If you’re acquiring or investing in a company, conducting trademark due diligence (DD) is vital. That helps you understand what you are buying and what its value is.
Due diligence is a process where the buyer evaluates the target and the assets that are to be purchased. Part of the process is also evaluating the trademarks involved in the transaction. By knowing this, you can better assess the risks involved and determine the value of the trademark portfolio.
Share or asset purchase
First, you need to know if you’re buying the shares of a company or its assets (or part of its assets). If you buy shares in the company, you are buying the company itself and everything it owns and owes.
If you are buying assets, you need to be very specific about what those assets include. For example, let’s say that the seller is a beverage company making beer and cider, and you’re buying its beer business (its beer-related assets). Does that acquisition include the trademarks and other brand assets of the seller? By default, this might depend on the country. Some countries have provisions in their trademark laws that, when buying assets of a company (for example, the beer business unit of the beverage producer), it by default includes the trademarks pertaining to that business, unless otherwise agreed or indicated by the circumstances. Other countries have opposite rules in force, i.e., that trademarks do not belong to the sale unless specifically agreed. Whatever the country, if you’re doing an asset purchase, you need to specify clearly which trademarks are part of the deal and which are not.
What to look for?
Here are some of the many important things you should be looking at.
Ownership of the trademarks. You need to determine who owns the trademarks in question. In asset transfer, it is evident that the seller cannot transfer trademarks that it doesn’t own. This makes it particularly important to specify the trademarks that are part of the sale. Relying on trademark law provisions that provide for the transfer of trademarks in case of asset purchase can lead to catastrophic results.

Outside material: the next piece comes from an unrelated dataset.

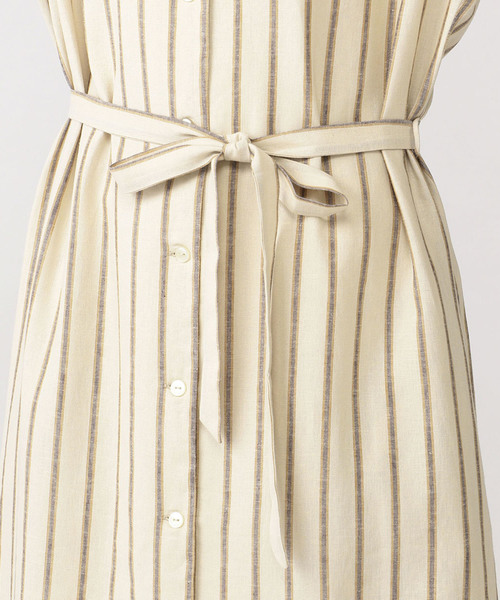 DECOY SINCE 1981（デコイシンスイチキュウハチイチ）の「麻入りストライプシャツワンピース（シャツワンピース・レディース・ベージュ/ネイビー・11号/9号/13号）」の11枚目の写真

For example, it could be that the seller is not the owner of the trademarks he uses. When Volkswagen bought the Rolls-Royce automobile business from Rolls-Royce Motor Cars Ltd, it later learned that the seller was not the owner of the Rolls-Royce trademarks but only had a license to use them. Volkswagen got a factory and lots of physical assets, but not the crown jewel, the Rolls-Royce brand. Similarly, WeWork managed to raise more than USD 10 billion in venture capital before its failed IPO. Only then it became apparent that WeWork’s founder Adam Neumann had registered the trademarks for his own company, not for WeWork. Eventually, WeWork bought the trademarks from its own founder and CEO for nearly USD 6 million. Whether you are acquiring assets or shares, make sure you know that the seller is the owner of the trademarks relating to his business. If not, the seller has some serious explaining to do.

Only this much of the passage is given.